Surgical removal of limb bud Sonic hedgehog results in posterior skeletal defects.

Using Sonic Hedgehog (Shh) as a marker for polarizing region cells we have repeated the experiments of MacCabe et al. (1973) and Fallon and Crosby (1975) in an attempt to reexamine the question of a continuous role for the polarizing region during limb development. We report that the earlier experiments probably left Shh-expressing cells after surgery. Our results show that Shh-expressing cells do not regenerate and complete removal of the polarizing region results in truncations along the anteroposterior (A-P) axis; further, A-P patterning cannot be restored when a bead soaked in FGF is implanted in the limb bud mesenchyme to maintain outgrowth after extirpation of the polarizing region. However, in order to reproducibly remove all Shh-positive cells, it is possible that cells with posterior limb skeletal fate also must be removed. Therefore, microsurgical approaches do not permit an unequivocal answer to the question raised in this and the earlier papers and it remains a reasonable possibility that at least up to stage 20-21 the polarizing region plays a continuous role in patterning of the limb bud during its development.

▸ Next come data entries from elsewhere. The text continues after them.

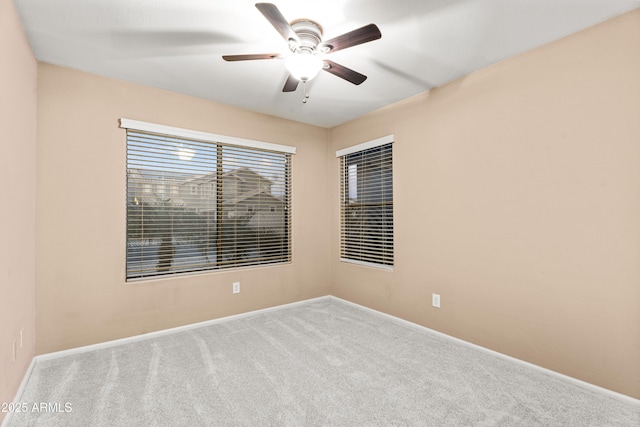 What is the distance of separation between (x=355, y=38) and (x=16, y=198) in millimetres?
2432

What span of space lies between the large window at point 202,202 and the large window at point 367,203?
2.64 feet

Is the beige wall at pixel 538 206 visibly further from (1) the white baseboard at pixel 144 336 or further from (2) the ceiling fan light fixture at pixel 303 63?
(1) the white baseboard at pixel 144 336

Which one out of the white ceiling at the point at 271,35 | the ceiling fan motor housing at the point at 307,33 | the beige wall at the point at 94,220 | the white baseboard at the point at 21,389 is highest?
the white ceiling at the point at 271,35

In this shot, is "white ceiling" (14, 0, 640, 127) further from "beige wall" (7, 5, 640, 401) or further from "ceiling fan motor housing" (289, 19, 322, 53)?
"beige wall" (7, 5, 640, 401)

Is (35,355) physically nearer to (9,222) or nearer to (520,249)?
(9,222)

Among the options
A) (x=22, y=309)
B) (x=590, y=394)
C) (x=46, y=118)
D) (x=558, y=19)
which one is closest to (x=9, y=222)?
(x=22, y=309)

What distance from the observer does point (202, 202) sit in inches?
136

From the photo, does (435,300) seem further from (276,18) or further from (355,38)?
(276,18)

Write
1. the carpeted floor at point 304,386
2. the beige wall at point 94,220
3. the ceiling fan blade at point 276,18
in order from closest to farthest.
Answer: the ceiling fan blade at point 276,18
the carpeted floor at point 304,386
the beige wall at point 94,220

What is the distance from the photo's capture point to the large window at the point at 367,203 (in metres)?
3.72

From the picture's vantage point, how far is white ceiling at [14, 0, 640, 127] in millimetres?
1944

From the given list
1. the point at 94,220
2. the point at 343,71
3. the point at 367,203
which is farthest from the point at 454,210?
the point at 94,220

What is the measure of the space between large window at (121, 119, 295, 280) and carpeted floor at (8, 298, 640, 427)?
2.86ft

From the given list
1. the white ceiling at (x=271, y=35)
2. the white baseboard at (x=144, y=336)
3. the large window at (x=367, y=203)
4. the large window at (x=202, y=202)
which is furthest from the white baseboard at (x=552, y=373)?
the white ceiling at (x=271, y=35) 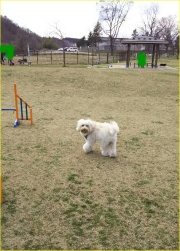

The limb field mesoderm determines initial limb bud anteroposterior asymmetry and budding independent of sonic hedgehog or apical ectodermal gene expressions.

We have analyzed the pattern of expression of several genes implicated in limb initiation and outgrowth using limbless chicken embryos. We demonstrate that the expressions of the apical ridge associated genes, Fgf-8, Fgf-4, Bmp-2 and Bmp-4, are undetectable in limbless limb bud ectoderm; however, FGF2 protein is present in the limb bud ectoderm. Shh expression is undetectable in limbless limb bud mesoderm. Nevertheless, limbless limb bud mesoderm shows polarization manifested by the asymmetric expression of Hoxd-11, -12 and -13, Wnt-5a and Bmp-4 genes. The posterior limbless limb bud mesoderm, although not actually expressing Shh, is competent to express it if supplied with exogenous FGF or transplanted to a normal apical ridge environment, providing further evidence of mesodermal asymmetry. Exogenous FGF applied to limbless limb buds permits further growth and determination of recognizable skeletal elements, without the development of an apical ridge. However, the cells competent to express Shh do so at reduced levels; nevertheless, Bmp-2 is then rapidly expressed in the posterior limbless mesoderm. limbless limb buds appear as bi-dorsal structures, as the entire limb bud ectoderm expresses Wnt-7a, a marker for dorsal limb bud ectoderm; the ectoderm fails to express En-1, a marker of ventral ectoderm. As expected, C-Lmx1, which is downstream of Wnt-7a, is expressed in the entire limbless limb bud mesoderm. We conclude that anteroposterior polarity is established in the initial limb bud prior to Shh expression, apical ridge gene expression or dorsal-ventral asymmetry. We propose that the initial pattern of gene expressions in the emergent limb bud is established by axial influences on the limb field. These permit the bud to emerge with asymmetric gene expression before Shh and the apical ridge appear. We report that expression of Fgf-8 by the limb ectoderm is not required for the initiation of the limb bud. The gene expressions in the pre-ridge limb bud mesoderm, as in the limb bud itself, are unstable without stimulation from the apical ridge and the polarizing region (Shh) after budding is initiated. We propose that the defect in limbless limb buds is the lack of a dorsal-ventral interface in the limb bud ectoderm where the apical ridge induction signal would be received and an apical ridge formed. These observations provide evidence for the hypothesis that the dorsal-ventral ectoderm interface is a precondition for apical ridge formation.